Some have called for these contracts to be outlawed, whilst others suggest tighter regulation, and better enforcement of those rights that zero hours contract workers do have. As one commentator has noted, those on zero hour contracts do have a modest advantage over those on casual contracts, in that an employer does have an obligation to provide work to employees on fixed-term contracts over casual workers, if work is available. The problem is that under zero hours contracts, the risks associated with work not being available are predominantly borne by the worker, .
If we are arguing that commissioning practices in social care are one of the causes of the rise in zero hours in the sector, are there better solutions? Our case studies highlighted how the practice of contracting for hours of care from suppliers (with no specified pay rates or employment conditions that suppliers must adhere to) was a barrier to improving contract arrangements of the care workforce. ‘Fair fee models’, where authorities could give a specified rate for hourly pay and for overheads (with the capacity for increases), or ‘open book’ approaches, where the local authority would pay what a service costs and then allow a certain percentage profit might lead to a reduction in the reliance by employers on zero hours arrangements to maintain margins. However, the dominance of the current commissioning model in social care would seem to suggest that such radical changes are unlikely to happen any time soon.

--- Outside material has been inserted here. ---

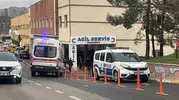 Siverek ilçesinde beşinci kattan düşen genç kadın yaşamını yitirdi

¹ Our analysis of zero hours in the NMDS-SC dataset in 2012 was primarily concerned with wages and hours worked, and we focused on the 42,908 zero hours contract workers who provided information on their contracted hours and additional hours. We excluded from the analysis of those workers who indicated that their contracted hours were zero, but who provided no information on actual hours worked in a given week. These involved the exclusion of 60% of cases from the dataset. Including these workers in the count of zero hours contracts would give the higher count of 100,000 reported above.